L’article IV règle les procédures de stationnement : le plafond est fixé à 36 aéronefs et 250 militaires qataris ; l’objectif de ce stationnement est d’améliorer la capacité opérationnelle des forces armées qataris ;

L’article XXI informe de la durée de l’accord, une fois ratifié (5 ans).

Si l’installation de la Turquie au Qatar avait troublé la région, la réciproque sera également vraie, notamment en Grèce où l’on s’inquiète déjà de la présence d’aéronefs américains et français en Turquie pour compenser provisoirement la faiblesse supposée de l’armée de l’air turque après la décision américaine de lui fermer l’accès au F-35.

Par ailleurs, la relation militaire se double d’une relation économique importante avec de très nombreux achats qataris de terrains, d’immeubles et de sociétés.

N°5 – Turquie : le danger d’une relation armement avec l’Ukraine

C’est un vaste échange croisé de coopérations militaires et de coopérations industrielles qui se noue depuis des mois entre Ankara et Kiev dans une sorte de ballets de services rendus réciproquement.

L’objectif principal des deux pays est une alliance qui les sort chacun de leur isolement : l’Ukraine, qui se radicalise face à la Russie se cherche des alliés fermes, tandis qu’Ankara, mis à l’index un peu partout (sauf à Bruxelles où l’UE et l’OTAN continuent de la courtiser par crainte pour l’une de vagues migratoires, pour l’autre, d’une alliance trop marquée avec la Russie).
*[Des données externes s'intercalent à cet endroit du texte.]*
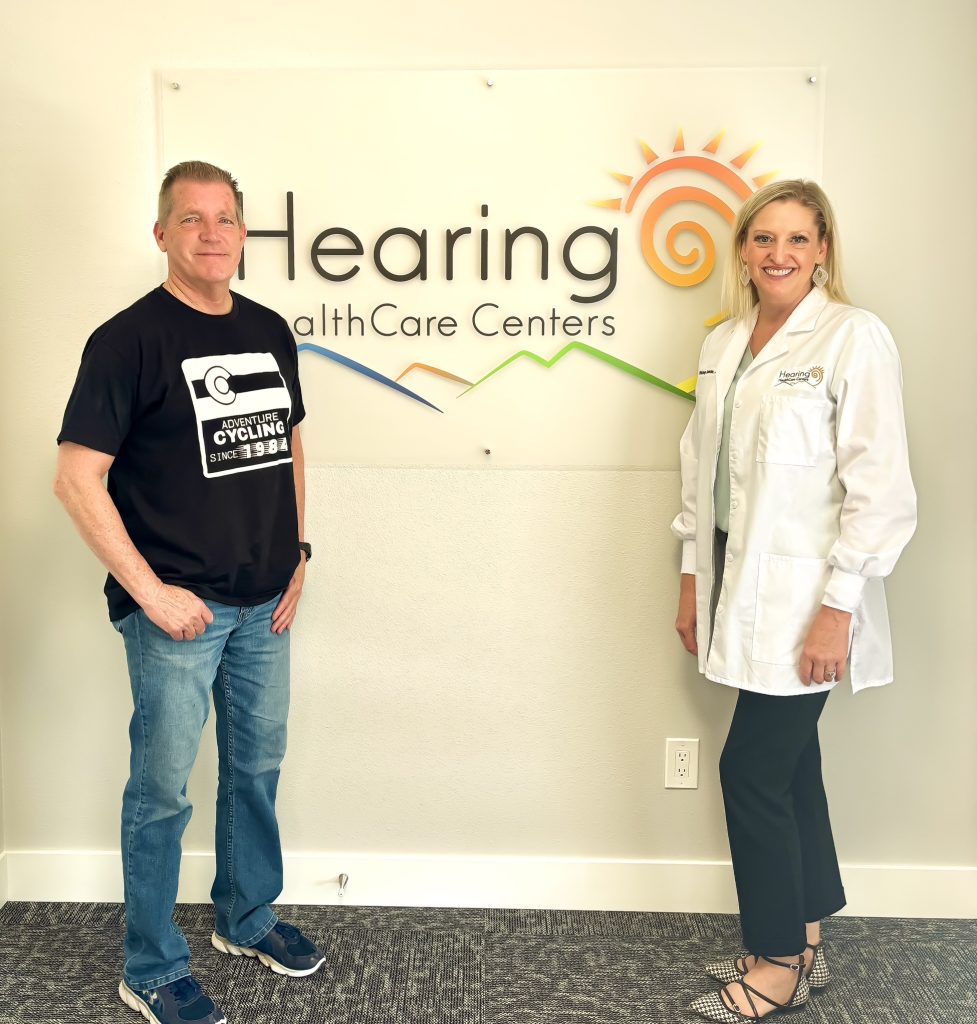 Jerry Schemmel and Dr. Whitney Swander in front of the Hearing HealthCare Centers logo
La coopération dans l’armement est multiple :

dans le domaine anti-char où le missile ukrainien Skif équipe les tourelles Serdar des véhicules blindés turcs Varta vendus au Qatar,

dans le domaine naval où la Turquie a vendu 4 corvettes Milgem-A à la marine ukrainienne,

dans le domaine des drones où Ankara a vendu à Kiev 2 systèmes complets du drone TB2 (avec l’armement en roquettes guidées et non guidées associé),

Un cas à la fois récent et emblématique de cette relation florissante a été constaté dans le domaine des moteurs d’hélicoptères. Depuis l’acquisition du S-400, la Turquie ne peut plus compter sur l’importation de matériels américains, dont les moteurs de ses hélicoptères T129 exportés au Pakistan (30 machines) et aux Philippines (24) : or sans moteurs, les projets export étaient condamnées comme l’était le programme T-129 dans son ensemble. L’alliance avec l’Ukraine lui donne la solution technique : Motor Sich, producteur ukrainien de moteurs d’hélicoptères, lui fournira les moteurs nécessaires pour les hélicoptères de combat pakistanais et peut-être philippins si ceux-ci poursuivent leur projet d’acquisition.

Multiple, florissante, cette coopération est aussi opaque et donc dangereuse, car elle ne vise pas seulement le réarmement ukrainien (qui pourrait se comprendre), mais aussi celui des alliés du Turc (Qatar, Azerbaïdjan et Pakistan, notamment et Libye demain ?) dans des domaines très proliférants (missiles anti-chars et drones de combat) et très utilisés pendant des guerres asymétriques.